Ingredients:
- 1 tablespoon olive oil (15 ml)
- 1 pound Italian sausage, removed from casing (450g)
- 1 medium yellow onion, chopped (approx. 1 cup) (150g)
- 2 cloves garlic, minced (approx. 1 teaspoon) (6g)
- 1 teaspoon dried oregano (5ml)
- 1/2 teaspoon dried basil (2.5ml)
- 1/4 teaspoon red pepper flakes (1.25ml)(optional)
- 1 (28 ounce) can crushed tomatoes (794g)
- 4 cups chicken broth (950ml)
- 1 cup water (240ml)
- 8 ounces lasagna noodles, broken into small pieces (225g)
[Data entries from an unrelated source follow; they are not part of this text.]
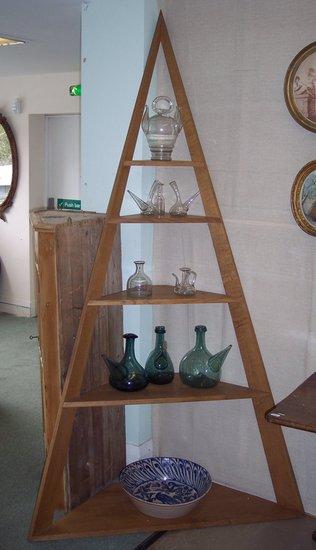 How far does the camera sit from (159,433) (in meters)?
2.68

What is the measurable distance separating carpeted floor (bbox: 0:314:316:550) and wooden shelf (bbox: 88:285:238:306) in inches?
34.5

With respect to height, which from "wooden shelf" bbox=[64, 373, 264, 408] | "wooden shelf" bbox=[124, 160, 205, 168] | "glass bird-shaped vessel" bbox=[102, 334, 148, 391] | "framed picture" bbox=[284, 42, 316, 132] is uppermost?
"framed picture" bbox=[284, 42, 316, 132]

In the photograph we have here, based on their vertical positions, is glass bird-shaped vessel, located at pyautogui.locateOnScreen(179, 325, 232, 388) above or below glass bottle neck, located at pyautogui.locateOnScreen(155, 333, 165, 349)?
below

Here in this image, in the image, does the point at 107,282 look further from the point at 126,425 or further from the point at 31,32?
the point at 31,32

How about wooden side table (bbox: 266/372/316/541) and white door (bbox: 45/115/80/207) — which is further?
white door (bbox: 45/115/80/207)

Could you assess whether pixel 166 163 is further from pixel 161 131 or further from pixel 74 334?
pixel 74 334

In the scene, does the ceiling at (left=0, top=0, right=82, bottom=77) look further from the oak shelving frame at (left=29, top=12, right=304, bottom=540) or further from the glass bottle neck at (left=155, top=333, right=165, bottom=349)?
the glass bottle neck at (left=155, top=333, right=165, bottom=349)

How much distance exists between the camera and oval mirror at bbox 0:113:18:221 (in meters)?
5.07

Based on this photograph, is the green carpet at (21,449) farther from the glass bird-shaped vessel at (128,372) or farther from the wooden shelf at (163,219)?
the wooden shelf at (163,219)

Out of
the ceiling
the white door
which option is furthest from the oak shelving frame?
the white door

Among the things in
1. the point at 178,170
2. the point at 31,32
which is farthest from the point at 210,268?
the point at 31,32

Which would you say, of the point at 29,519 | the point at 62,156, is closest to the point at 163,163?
the point at 29,519

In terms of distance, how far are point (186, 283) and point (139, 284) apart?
187mm

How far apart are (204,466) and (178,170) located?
1274mm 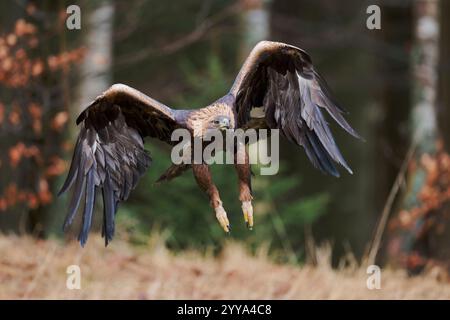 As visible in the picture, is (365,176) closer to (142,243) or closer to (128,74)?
(128,74)

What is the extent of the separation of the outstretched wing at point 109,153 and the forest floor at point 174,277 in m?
1.74

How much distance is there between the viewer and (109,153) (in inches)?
182

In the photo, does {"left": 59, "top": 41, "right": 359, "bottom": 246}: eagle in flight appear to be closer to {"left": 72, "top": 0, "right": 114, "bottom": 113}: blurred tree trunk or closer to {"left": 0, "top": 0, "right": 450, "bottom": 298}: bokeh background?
{"left": 0, "top": 0, "right": 450, "bottom": 298}: bokeh background

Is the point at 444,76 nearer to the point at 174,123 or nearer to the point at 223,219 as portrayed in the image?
the point at 174,123

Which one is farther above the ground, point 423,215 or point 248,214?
point 248,214

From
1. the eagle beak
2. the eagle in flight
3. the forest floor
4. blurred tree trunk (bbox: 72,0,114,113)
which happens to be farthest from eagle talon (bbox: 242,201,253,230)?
blurred tree trunk (bbox: 72,0,114,113)

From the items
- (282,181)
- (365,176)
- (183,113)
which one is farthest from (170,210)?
(365,176)

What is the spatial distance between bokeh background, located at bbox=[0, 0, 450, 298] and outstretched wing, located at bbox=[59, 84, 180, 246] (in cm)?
240

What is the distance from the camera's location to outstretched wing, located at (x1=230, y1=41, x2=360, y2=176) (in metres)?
4.33

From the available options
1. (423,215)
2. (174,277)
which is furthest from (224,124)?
(423,215)

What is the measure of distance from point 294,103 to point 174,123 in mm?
738

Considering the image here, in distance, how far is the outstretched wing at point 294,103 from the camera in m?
4.33

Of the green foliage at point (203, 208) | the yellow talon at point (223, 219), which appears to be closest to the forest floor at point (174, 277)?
the green foliage at point (203, 208)

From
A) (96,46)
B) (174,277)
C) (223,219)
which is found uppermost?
(96,46) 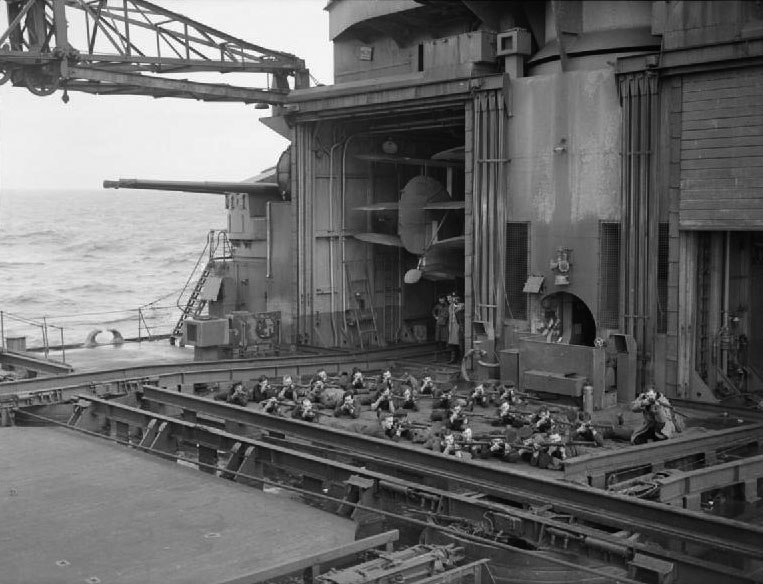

- 1 (15 ounce) container ricotta cheese (425g)
- 1/4 cup grated Parmesan cheese (25g)
- 2 tablespoons chopped fresh parsley, for garnish (30g)
- Salt and pepper to taste
Instructions:
- Heat olive oil in a large pot over medium heat. Add Italian sausage and cook, breaking it up with a spoon, until browned. Drain off any excess grease.
- Add chopped onion and minced garlic to the pot. Cook until softened, about 5 minutes. Stir in oregano, basil, and red pepper flakes (if using).
- Pour in crushed tomatoes, chicken broth, and water. Season with salt and pepper to taste. Bring to a simmer.
- Add broken lasagna noodles to the pot. Cook, stirring occasionally, until noodles are tender, about 15 minutes.
- Remove from heat. Stir in ricotta cheese and Parmesan cheese until well combined.
- Ladle soup into bowls. Garnish with fresh parsley and extra Parmesan cheese if desired.